Biophysics of Macromolecular Assemblies (GMS BY 771 – Graduate Medical Sciences)
This advanced course covers the concepts of the assembly of biomacromolecules, their structure and stabilizing forces, and biological function as related to structure. Examples are drawn from assemblies of proteins, lipids, lipoprotein systems, membranes and viruses.
Biochemistry (SDM MD 512 – School Dental Medicine)
This course is designed to acquaint the student with the basic principles of modern biochemistry. The topics to be covered include proteins, enzymes, DNA, RNA and protein synthesis, metabolism, lipids, connective tissue, and hormones and second messengers.
Endocrinology (GMS PH 748 – Graduate Medical Sciences and School of Medicine):
Integrated treatment of human endocrinology, biosynthesis of hormones, their receptor interactions, and their physiological effects.

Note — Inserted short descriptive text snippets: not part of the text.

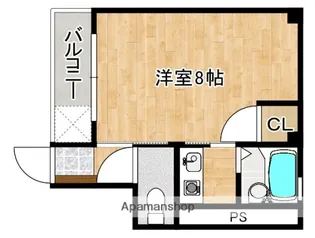 カーサソフィア【3階】の間取り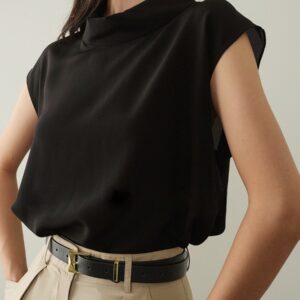 Leisure Cap Sleeve T-Shirt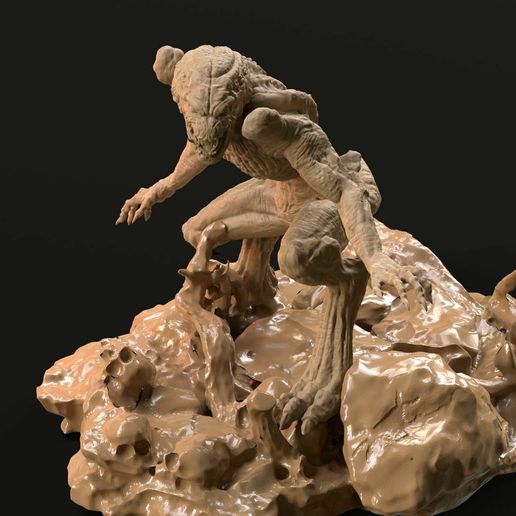 Pumpkinhead_stl-GROUP-14.jpg Pumpkinhead Printable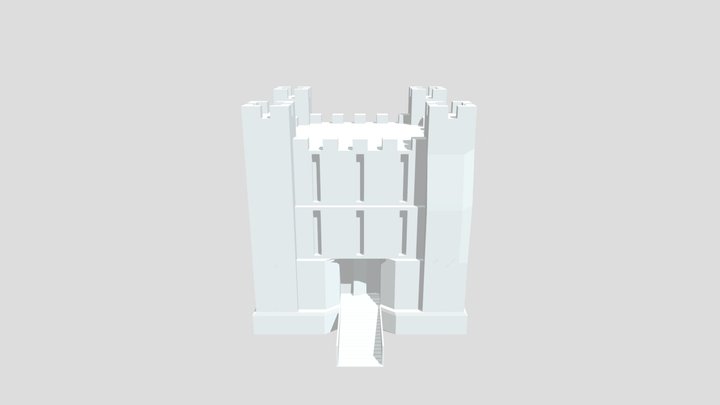 Akingbade0220 Castle Keep7 3D Model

Physiology/Endocrinology/Neurophysiology (SDM MD 514 – School Dental Medicine)
This course presents the physiology of cells, tissues, organs, and integrated body functions, including the physiological basis for the understanding of clinical conditions. An integrated approach is taken to endocrinology and reproduction. Hormonal aberrations and their end results in humans are presented in clinical correlations.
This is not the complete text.